COVID-19罹患後のcough hypersensitivity syndrome(CHS)

COVID-19罹患後のcough hypersensitivity syndrome(CHS)

・オミクロン株流行期以降COVID-19罹患後に咳嗽が続くという患者さんが増えている。

・多くは感染性咳嗽または感染後咳嗽であり2~3週間程度で改善するが、なかには対症療法を行っても8週間以上持続する例もある。(8週間以上持続する咳は「慢性咳嗽」と定義づけられる)

・COVID-19罹患後の長引く咳に対する治療は文献が少なく、確立した疾患とするには議論があるが、咳嗽診療の現場では、経験している開業医や呼吸器内科医、総合内科医、耳鼻科医は多いのではないかと推測される。
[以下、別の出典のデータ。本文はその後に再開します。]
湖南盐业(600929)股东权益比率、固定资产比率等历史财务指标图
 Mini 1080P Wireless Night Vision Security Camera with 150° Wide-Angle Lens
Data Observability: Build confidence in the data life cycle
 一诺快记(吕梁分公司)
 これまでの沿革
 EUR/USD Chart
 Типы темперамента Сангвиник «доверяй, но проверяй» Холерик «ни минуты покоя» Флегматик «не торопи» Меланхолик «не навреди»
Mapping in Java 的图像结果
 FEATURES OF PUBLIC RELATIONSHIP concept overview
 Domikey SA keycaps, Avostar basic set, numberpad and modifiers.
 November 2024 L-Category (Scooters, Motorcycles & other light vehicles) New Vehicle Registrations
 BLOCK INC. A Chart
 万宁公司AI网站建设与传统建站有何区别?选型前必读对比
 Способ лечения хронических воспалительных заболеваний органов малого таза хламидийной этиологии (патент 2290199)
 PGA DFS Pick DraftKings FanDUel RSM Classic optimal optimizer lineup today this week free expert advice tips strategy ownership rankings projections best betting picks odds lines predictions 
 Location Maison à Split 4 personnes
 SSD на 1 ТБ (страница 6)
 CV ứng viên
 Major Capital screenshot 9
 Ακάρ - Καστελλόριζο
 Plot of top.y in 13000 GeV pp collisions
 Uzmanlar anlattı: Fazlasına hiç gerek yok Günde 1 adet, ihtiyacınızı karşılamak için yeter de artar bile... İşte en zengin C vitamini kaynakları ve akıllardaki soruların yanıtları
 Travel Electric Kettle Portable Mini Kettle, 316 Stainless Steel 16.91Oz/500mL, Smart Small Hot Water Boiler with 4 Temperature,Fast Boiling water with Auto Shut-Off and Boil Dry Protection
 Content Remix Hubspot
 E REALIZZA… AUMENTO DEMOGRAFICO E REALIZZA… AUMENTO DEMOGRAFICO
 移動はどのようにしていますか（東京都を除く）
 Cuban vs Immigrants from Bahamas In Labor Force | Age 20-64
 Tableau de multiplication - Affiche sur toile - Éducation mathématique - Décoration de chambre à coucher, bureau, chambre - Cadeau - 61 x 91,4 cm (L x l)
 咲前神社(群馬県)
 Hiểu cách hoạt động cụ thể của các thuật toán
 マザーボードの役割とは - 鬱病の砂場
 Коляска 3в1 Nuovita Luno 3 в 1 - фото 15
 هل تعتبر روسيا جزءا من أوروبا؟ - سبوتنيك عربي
・一般的な咳嗽診療は発症からの症状持続期間により急性咳嗽(3週間未満)、遷延性咳嗽(3週間以上8週間未満)、慢性咳嗽(8週間以上)に分類される。

・実際の臨床現場では遷延性嗽と慢性嗽は明確な区別をつけないことが多い。

・日本呼吸器学会が発行した「咳嗽・喀痰の診療ガイドライン」のフローチャートも遷延性咳嗽と慢性咳嗽を一括りにしている。

・3週間以上持続する咳嗽患者はまずは病歴、身体所見、そして胸部X線写真を確認する。

・病歴は痰の有無と性状、咳嗽の強度(VASスケール、具体的に咳で困る状況:夜間眠れない、人と話すと咳込む、咳込んで嘔吐する)、喫煙歴、先行気道感染の有無、喘息関連(既往、家族歴、長引く咳嗽のエピソードの有無、日内変動や天気での変化、自宅の環境など)、咽頭がむずがゆい感覚、逆流性食道炎の症状、鼻汁や後鼻漏の有無を確認する。

・また、薬剤起因性咳嗽の原因となりうるACE阻害薬の確認をする。ただし、COVID-19罹患後であることがはっきりしている場合には否定的である。

・身体所見では呼吸音は吸気、呼気共に深吸気、努力呼気まで確認する。

・またこの時点で胸部X線写真が正常かどうかは重要である。特に肺がんや肺結核の除外、間質性肺炎やその他びまん性肺疾患がないかを確認する。

検査では好酸球性炎症の評価(喀痰、末梢血好酸球、呼気一酸化窒素)、アトピー素因(血清総lgE値、必要に応じて特異的lgE)は参考になる。

・胸部X線写真で異常がないと判断しても、膿性痰が持続するときは痰培養(特に抗酸菌培養を提出する。

気管支結核は稀であるが、画像上肺野の異常が乏しいわりに喀痰から結核菌の排菌が多いために注意を要する(漫然と吸入ステロイドを処方され、後からた気管支結核と診断される場合もある。

・この時点である程度疾患の可能性が絞れたら治療的診断を行う。

咳嗽、痰が改善しないときは胸部CT(胸写では気付かない肺野病変、気道の腫瘤性病変や気道異物など)、鼻症状があれば副鼻腔CTも検討する。

・上記で対応可能な患者さんは多数おり、一般内科医、プライマリーケア医でこの対応がなされれば咳嗽患者全体のQOLは向上するだろう。

一方で上記の対応でも症状が改善しない慢性難治性咳嗽も報告されている。

・その中には、原因が判明し特異的治療を行うも症状コントロールが困難なchronic refractory cough、原因自体が分からず症状コントロールが困難なunexplained cough syndromeがある。これらを説明しうる病態としてcough hypersensitivity syndrome(CHS)が提唱されている。

CHSは「低レベルの温度・機械的・化学的刺激を契機に生じる難治性の咳を呈する臨床症候群」と定義される。

病態は迷走神経など咳嗽に関与する知覚神経の過敏、中枢神経の関与が想定される。

・咳嗽の知覚過敏を抑える目的でガバペンチンやプレガバリンが治療選択肢となる。

最近使用可能になった選択的P2X3受容体拮抗薬は迷走神経の咳嗽に関与する知覚を遮断することで、慢性難治性咳嗽が改善する。

・またCOVID-19による長引く咳嗽の機序として迷走神経に対する感染や免疫反応による知覚過敏の可能性が指摘されている。

・COVID-19罹患後に2ヵ月以上長引く咳嗽で、画像所見で大きな問題がなく、既存の鎮咳薬や吸入ステロイドで改善しない例に、プレガバリンやP2X3受容体拮抗薬で改善が得られる症例は多いものと推定される。